# Audi Driver: Robert Downey Junior Sporting the New A7



## [email protected] (Apr 9, 2004)

Celebrity Cars blog has shots of actor Robert Downey Junior sporting a black Audi A7 this past weekend in Los Angeles. Given Audi's tie with Downey's blockbuster Iron Man series, we're not surprised the actor has chosen a four-ringer as his daily ride though he gets extra style points for picking the A7. And it's an S-line rolling on 20s no less.

Check out shots of Downey in his car after the jump.

* Full Story *


----------



## tanel (Jul 26, 2006)

good choice, robert :thumbup:

although too bad the 6 series gran coupe is gonna kill the a7 quite soon - at least in looks. 
http://www.autoblog.com/2011/06/28/2013-bmw-6-series-gran-coupe-inches-closer-to-production/

sorry, but i still can't get over how my favourite car company had a chance to make the most beautiful car of all times out of a7, but totally messed up the whole car with the back design following some totally irrelevant "practicality (read: rear headroom) over style" arguments. you cannot always approach your car from the front you know, besides there are other people too who see the rear end of it...

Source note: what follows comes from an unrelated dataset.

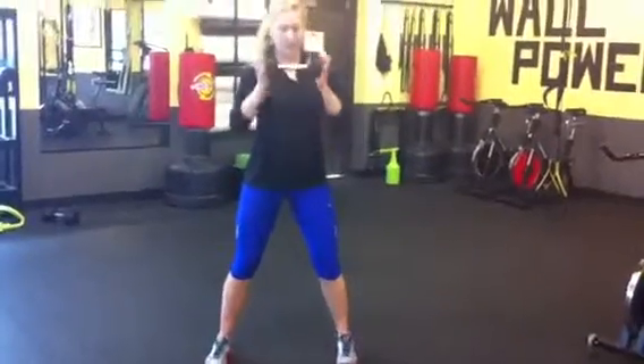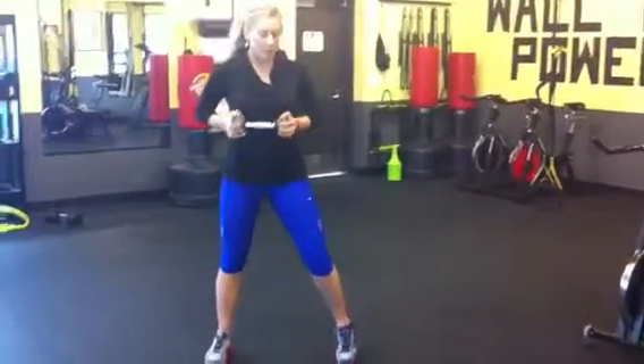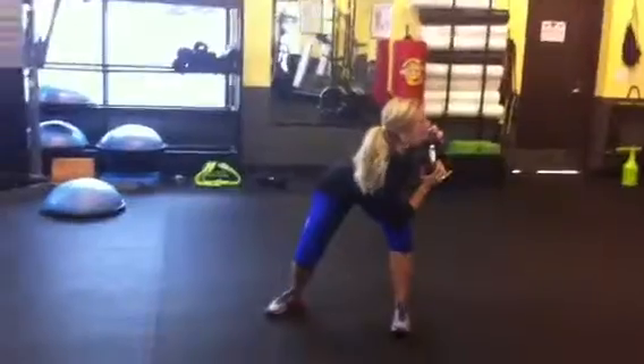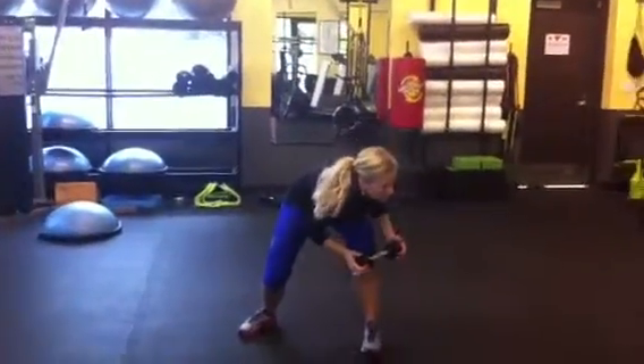Your feet are going to go a little wider than shoulder distance. We're going to take one elbow and touch it to the opposite knee. You need to hold your back nice and straight — come and twist, touch the knee, back up. Your back stays nice and straight, so there's no slouching.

i almost bursted crying when i saw a black a7 and a black new cls parking next to each other. the a7 was the coolest car on earth from the front 2/3 angle, but jeeez, how can you possibly desing the worst looking rear roofline to a car that's supposed to be only COOL, not a freakin' family mpv or smth.  still can't understand what's wrong with the small-trunk-sedan style and why does it have to be a hatchback, and even when it has to be an actual hatchback, why on earth does it have to look like one????

i really think audi should consider more than a facelift before the beemer comes out, it simply won't survive next to cls and that bmw (which is looking gorgeous already).

oh dear audi, and while you're on that, please revise the a7's front headlamps too, the ones on the concept were a lot better :thumbup:


----------